Não deixemos que os pensamentos obsessivos invadam a nossa mente impedindo-nos de viver o presente.








[1] O nosso ego, abarca sempre muito mais do que o que nós somos, abarca o que nos é exterior e que o favorece, quer sejam ideias de outros, quer sejam bens materiais, quer sejam seres vivos ou até pessoas.
[2] Refiro verdadeiro amor, ou melhor dizendo amor incondicional, para o distinguir do egoísmo mascarado de amor, que só existe enquanto satisfaz o nosso ego. Nesta última situação quando o “nosso”  objecto de nosso amor chocar com o nosso ego, o amor pode dar origem a outros sentimento derivados do medo, como seja o ódio.
[3] Os acontecimentos são objectivos, ocorrem de forma natural, não são “bons”, nem “maus”, nós é que os catalogamos como “bons” ou “maus” em função do impacto que têm em nós, em fase da análise da mente condicionada pelo ego.
[4] As decisões e os actos podem ter sido tomadas individualmente ou com humanidade, mas reflectem-se em cada um de nós.

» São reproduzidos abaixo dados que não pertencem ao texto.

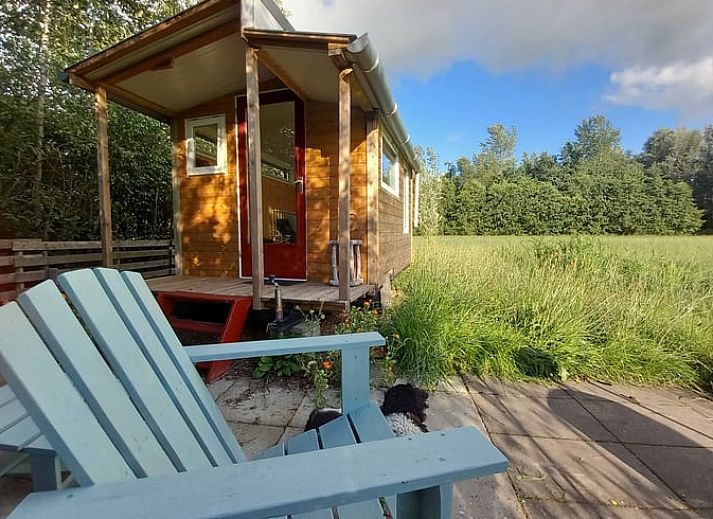 Vakantiehuisje in Tijnje op het Friese platteland, omringd door weelderige natuur en rustgevende uitzichten.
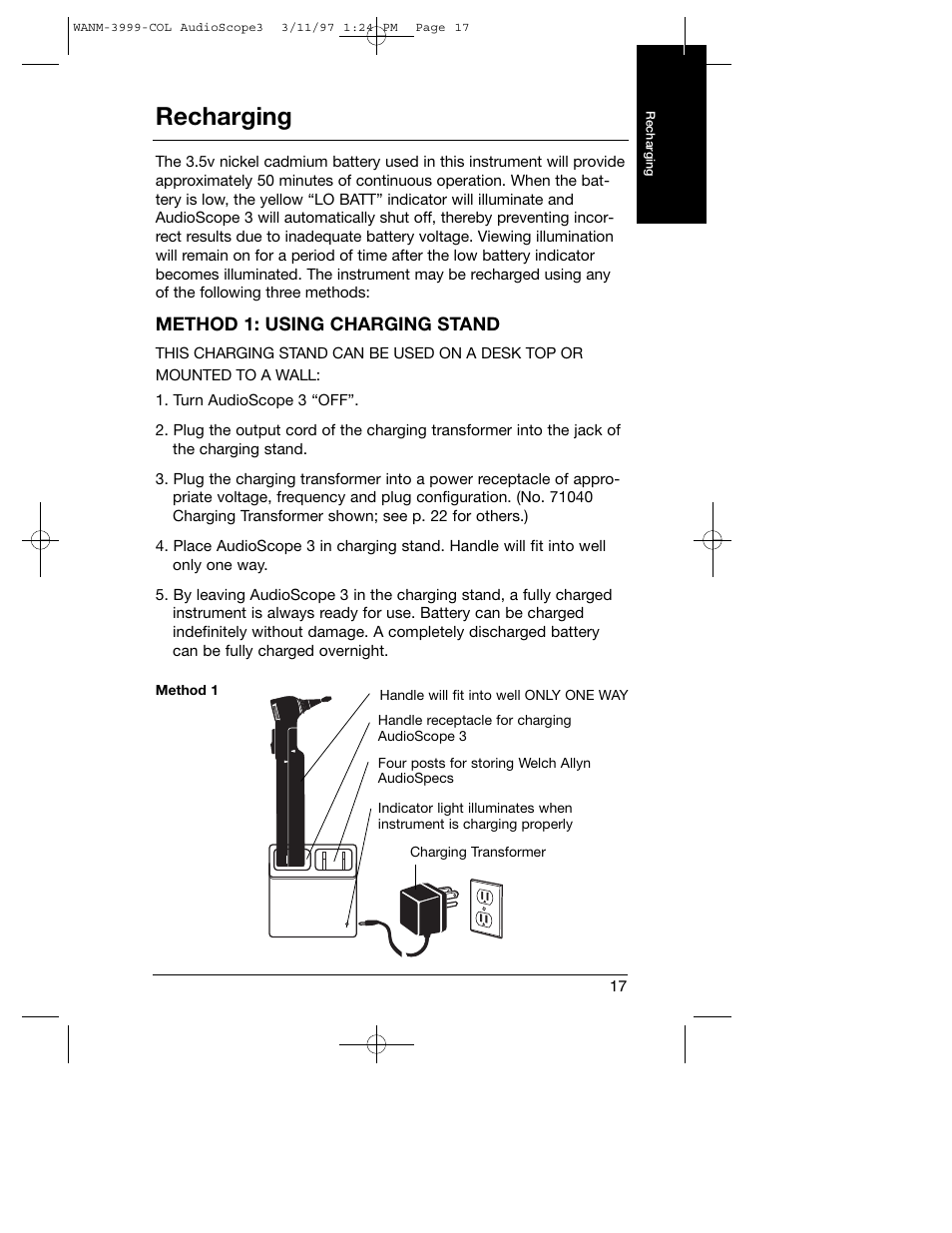 Recharging | Welch Allyn Audioscope 3 Portable Screening Audiometer - User Manual User Manual | Page 19 / 32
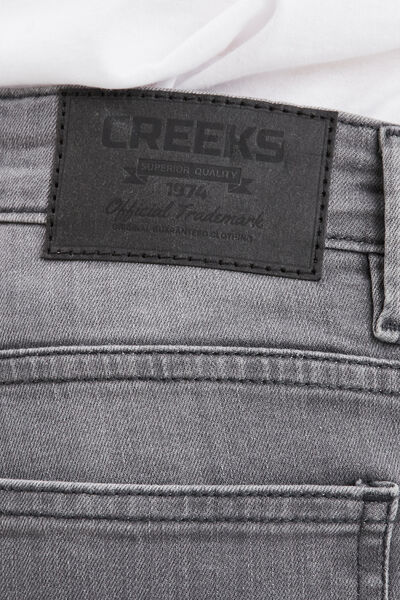 Jeans regular 5 poches denim gris homme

[5] Pensar, de forma obsessivo, sobre o que considerámos desagradável, gera, como referimos, emoções negativas que alimentam mais pensamentos, num ciclo interminável, que continuamente agrava o sofrimento. Pensar, de forma obsessiva, nas situações que considerámos agradáveis, só acontecerá se não estivermos felizes no presente, e ocorrerá, ou porque querem os que as situações se repitam, ou, porque, tendo um presente infeliz, refugia-mo-nos nas memórias passadas. Quer num caso, quer noutro, este apego ao passado só pode gerar sofrimento. A situação só se alterará, se passarmos a viver o presente, e o transformarmos num presente feliz.